In just a short visit and having lost even the rudimentary Russian I once had, there was a lot to take in in just a couple of days. My own short presentation or statement wanted to highlight the stark contrasts between temporary and more permanent presence in the cityscape (a problem for the activist) but also the multiple roles that all those involved necessarily play in making the city (a source of optimism).
Put another way, and inspired by the work of political philosopher William Connolly, particularly his 2013 book, The Fragility of Things: Self-Organizing Systems, Neoliberal Fantasies and Democratic Activism, I suggested that even short-term activities and encounters, between artists and researchers, or between activists and bureacrats, build up new, more sustainable, ways of inhabiting our cities.
The key Helsinki partner was Yhteismaa, fun-producing, administration-challenging powerhouse of urban activisim.

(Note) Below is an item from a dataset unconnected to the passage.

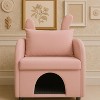 Racxily Bunny-Ear Pet-Friendly Armchair with Built-in Cat & Dog Hideaway, Cozy Dual-Use Sofa Chair with Side Pocket - 2 of 4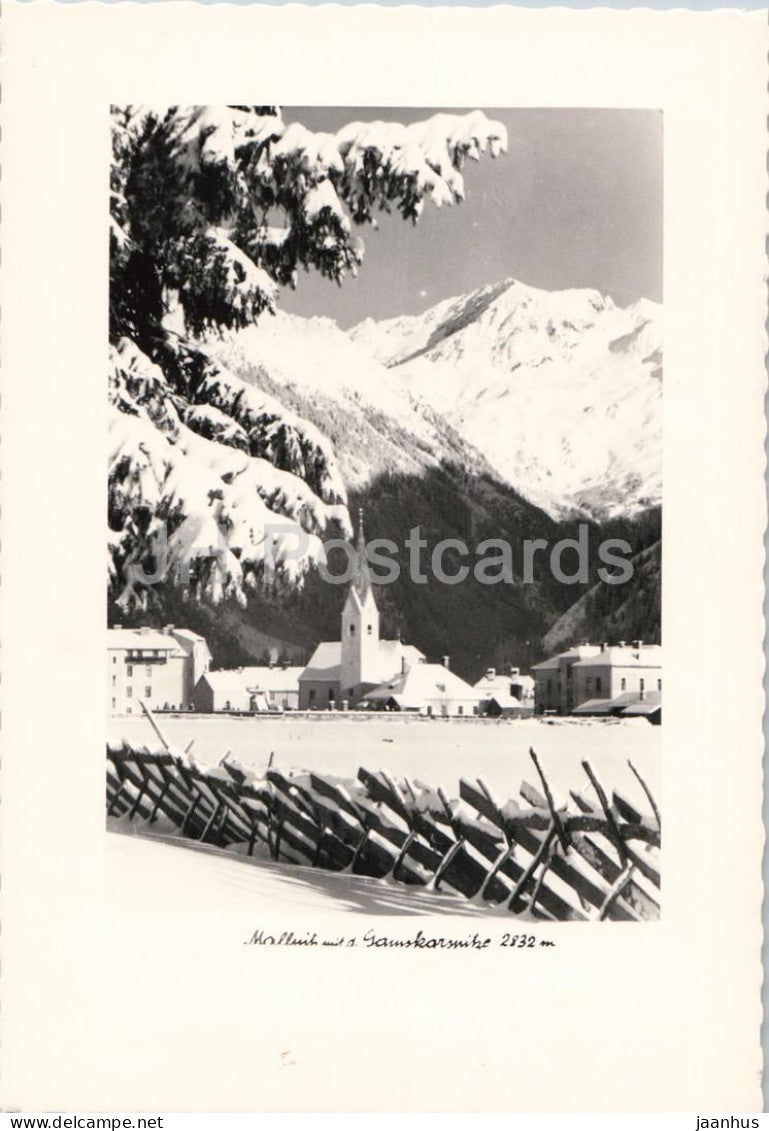 Mallnitz mit d Gamskarspitze 2832 m - mountains - church - 79460 - old postcard - Austria - unused - JH Postcards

Pasi Mäenpää, reseracher on activism brought a Finnish perspective onto the rise of activism, something he sees as fundamentally spurred on by opportunities for online organising.

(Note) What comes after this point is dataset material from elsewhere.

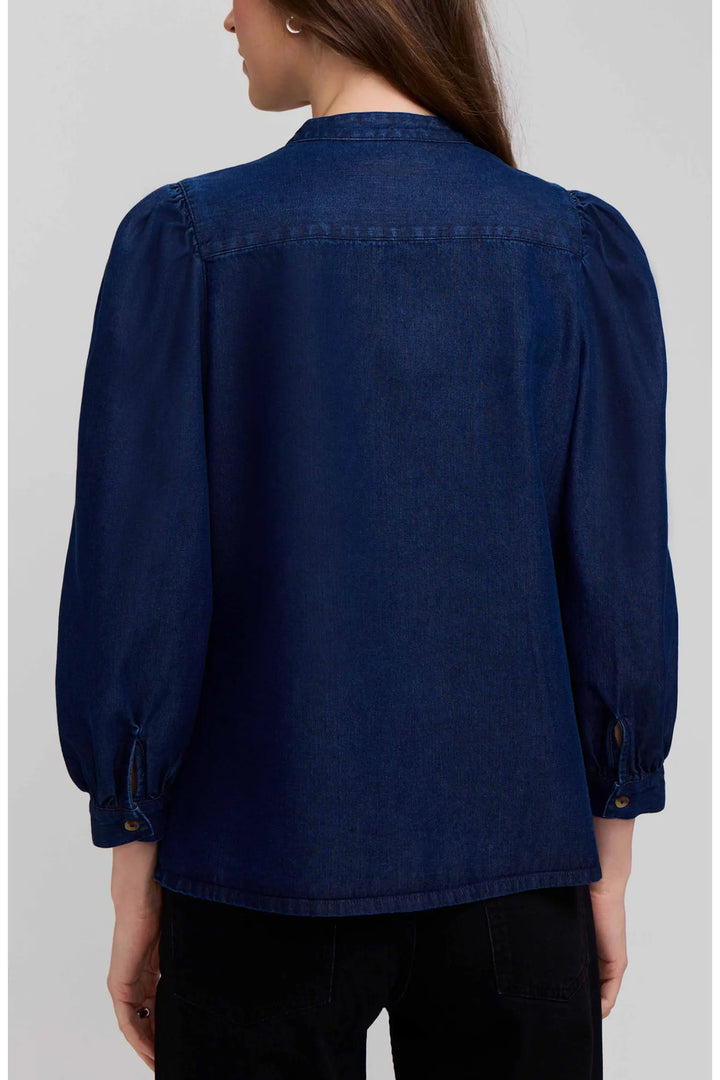 Foxcroft Dark Wash Blue Helsa Puff Sleeve Denim Shirt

The next day we got to see just how enlivening a short-term event can be.
At the public library on Zanevskyi Prospekt, all kinds of examples of urban commoning flourished in the sunshine. There were master classes in crafts, a street kitchen offering salmon soup Finnish style, eagerly prepared by local residents with a Finnish chef (differences of opinion on spicing principles were happily overcome), a book and plant exchange and many hours of terrific togetherness. (More here, in Russian).
Locals are understandably preoccupied with the problems of overcoming a highly regulated urban environment with its myriad administrative organs. And yet, as the presentations at the seminar made abundantly clear, many people have long been engaged in enlivening the city and much is happening at many scales. In addition to the Arts 4 the City pages, see the Centre for Independent Social Research. Lilia Voronkova’s seminar presentation was a fabulous lesson in what can be gained when research and artistic creativity merge in a power point presentation!
One local challenge has to do with the character of St Petersburg as an unparalleled outdoor museum, one celebrating nothing less than vast empire. The grass in this city, then, is not for sitting and playing on, but for admiring. Including in the parks, it would seem.
Another problem, one that struck a more familiar chord with a former London resident, was traffic. A city of straight, long roads, though not originally built for the motorcar, St Petersburg roads positively invite high speeds. Chicanes, underpasses and all the rest of the twentieth century’s innovations to keep motorised traffic moving, were in evidence near the library too. As a crow flies, the route from the metro would have been short indeed. As a St Petersburg pedestrian advances, it took the best part of 15 minutes. The grocery shop across the road was equally inaccessible, cut off from us as it was by six lanes of traffic with fences to deter any would-be jaywalkers.
Looking forward to more cooperation and exchanges!